FFI Report, CVS Id 1.11

Thu Aug 23 04:05:06 EDT 2001

"Marcin 'Qrczak' Kowalczyk" <qrczak at knm.org.pl> wrote,

> Sun, 19 Aug 2001 23:14:59 +1000, Manuel M. T. Chakravarty <chak at cse.unsw.edu.au> pisze:
> 
> > * I am still not convinced that we need
> >   `Storable.destruct'.  For deallocating special purpose
> >   structures that need a deep traversal, shouldn't we just
> >   use a custom function?
> 
> Without destruct code like
> 
>     with haskellValue $ \ptr -> do
>         just use ptr, no allocation nor deallocation
> 
> would be correct in 99% of cases, except that for some types it
> leaks memory (when the only reasonable implementation of poke is not
> idempotent wrt. allocated memory).
> 
> These cases include char* inside a struct, assumed to point to
> a memory private to this struct.
> 
> Yes, it can be called by hand, just as C++ destructors could be
> called by hand. But places where it should be called are automatically
> predictable, as long as it is well defined which memory is initialized
> and which is not.

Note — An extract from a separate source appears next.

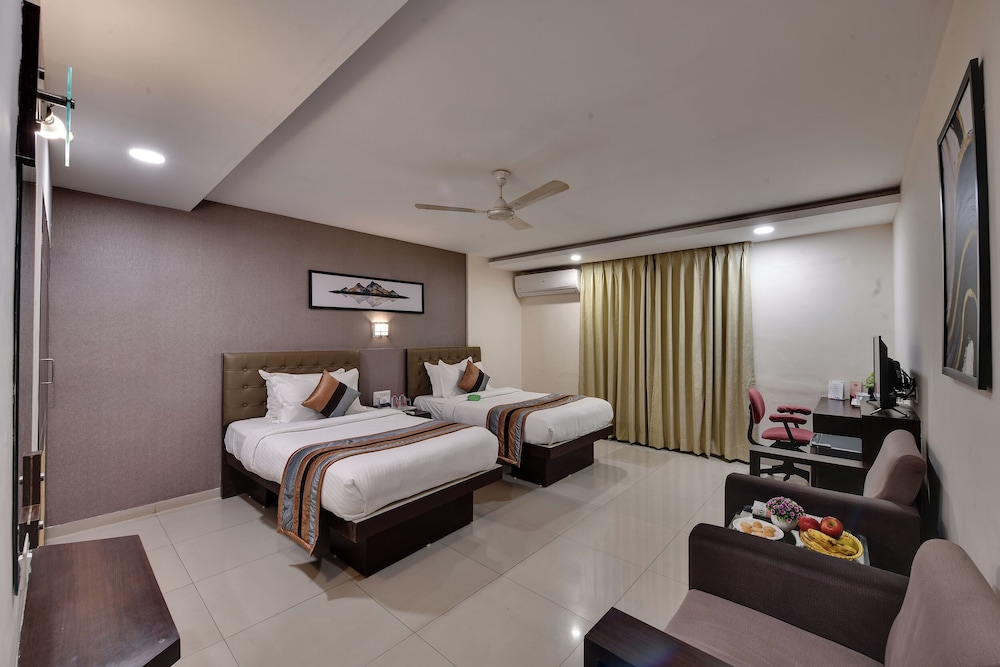 Click Hotel Yuvraj 23/46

Since with* functions automatically call poke, they
> should automatically call something which undoes side effects of poke.

I think, the crucial question is whether you really want to
have instances of poke that allocate memory (or any other
kind of resource).  I think, having such instances is
problematic, because it means that poke is no longer
idempotent, which I would usually expect it to be.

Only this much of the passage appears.